• _Task requirements_:
Keep the pictures out. Write out every line of the listing exactly.
=== Collected material ===
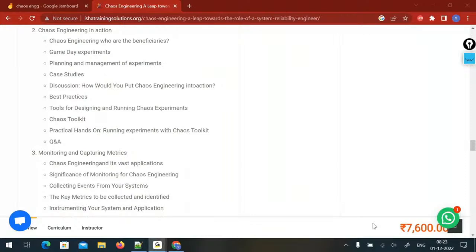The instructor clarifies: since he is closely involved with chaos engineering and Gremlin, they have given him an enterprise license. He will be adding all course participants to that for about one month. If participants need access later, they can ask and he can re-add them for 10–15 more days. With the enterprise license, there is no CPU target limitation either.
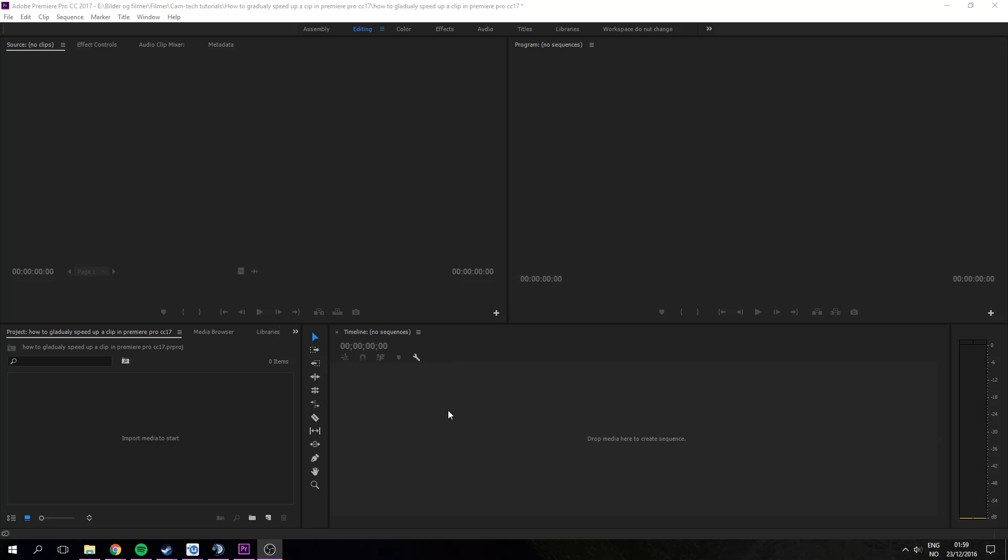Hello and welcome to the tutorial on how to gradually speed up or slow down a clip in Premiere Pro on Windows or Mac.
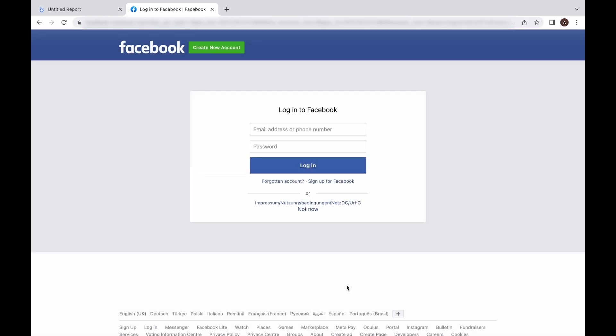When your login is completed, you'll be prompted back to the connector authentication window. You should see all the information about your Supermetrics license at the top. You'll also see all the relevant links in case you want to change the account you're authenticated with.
===
• _Task answer_:
The instructor clarifies: since he is closely involved with chaos engineering and Gremlin, they have given him an enterprise license. He will be adding all course participants to that for about one month. If participants need access later, they can ask and he can re-add them for 10–15 more days. With the enterprise license, there is no CPU target limitation either.
Hello and welcome to the tutorial on how to gradually speed up or slow down a clip in Premiere Pro on Windows or Mac.
When your login is completed, you'll be prompted back to the connector authentication window. You should see all the information about your Supermetrics license at the top. You'll also see all the relevant links in case you want to change the account you're authenticated with.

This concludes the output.